To The ISS, And Beyond

Alongside Szamalek’s writing for The Blood of Dawnwalker, he’s been penning a novel. Inner Space is a thriller set aboard the International Space Station. Suspicions of espionage rise between American and Russian astronauts as the latter’s government orders the invasion of Ukraine on the planet below. Tense and exciting, the novel is an exploration of the human psyche as much as it is the politics of the 2020s. But it all started because his daughter asked questions he didn’t know the answers to.
“I quickly realized that I know very little about everything that’s up above and that I lost that wonderful sense of wonder that kids have,” he explains. “They go out on a summer night, and they look up and they see the stars. Their jaws drop, and they’re like, ‘What’s all that and how do we fit into it.’ We [adults] fail to notice it any more […] It was a really beautiful adventure for me to try to understand all those things better so I could discuss them with my daughter and help her comprehend how we’re placed in the universe.”

On a trip to the Cité de l’Espace in Toulouse, France, Szamalek and his family entered a full-scale replica of the Russian space station, Mir. Szamalek isn’t a claustrophobic person, he tells me, but the cramped space with buttons and wires on every surface made him uncomfortable. It seems that this, as well as his research to answer his daughter’s questions, is where his novel was born.
As well as confronting questions of technology – vitally important to the author – and the cosmos, Szamalek is leaning hard into the geopolitical thriller in a sense that is reminiscent of classic locked-room mysteries of yore. You feel that same sense of claustrophobia that he felt aboard Mir, a sense that is exacerbated by escalating tensions between the American astronauts and Russian cosmonauts on board. The ISS becomes a microcosm of society, and Szamalek likens it to a divorced couple forced to cohabit while they pay off the remainder of the mortgage.
“The ISS is the product of a different era,” he says. “Where it felt like we could all come together for a greater cause, forget about our differences, and make things better – the Star Trek view of the universe.”
There are numerous differences between working on games and writing a book – most notably, the interactivity or lack thereof in each medium – but Szamalek was keen to explore less likeable characters and antiheroes in his novel, as he doesn’t believe there’s much space for them in games.
“The biggest challenge I found is that, in video games, you have to find your protagonist’s motivations and behaviors relatable,” he explains. “You have to be able to see yourself in the protagonist.”
On the other hand, books struggle to portray the element of choice, agency, of free will. “Choice is probably the most human thing there is,” Szamalek says. “You go through life and a lot of the time it may feel like you’re just going through the motions or following whatever current is taking you downstream right now. But there come moments where you realise that whatever you do or say now will affect your life moving forward. It’s a powerful feeling when you realise the road forks.

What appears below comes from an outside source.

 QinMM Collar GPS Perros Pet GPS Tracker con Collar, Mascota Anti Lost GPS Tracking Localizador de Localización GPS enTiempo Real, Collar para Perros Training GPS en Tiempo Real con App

“Literature, try as it might, will never be able to convey that feeling, that moment, as well as games. Those moments where you’re facing these powerful choices are the moments where you truly feel alive and it can be scary. It can be fascinating.”
Szamalek clearly finds a balance between writing novels and video games, and stimulates different narrative muscles in each. He’s worked to find a balance while working what is effectively two jobs at once, and comes across as creatively fulfilled. Whatever risk was posed with leaving CD Projekt four years ago seems to have paid off. Inner Space offers a tense, linear tale of real-world politics and technology. The Blood of Dawnwalker trailer was well-received, and the storytelling ramifications of his open-ended narrative structure only excite me further.
If Szamalek can continue to balance all his projects with family life in Canada, his passion for storytelling promises treats in interactive and traditional fiction.
Inner Space is available from bookshops today, July 15, and The Blood of Dawnwalker is currently set for a 2026 release.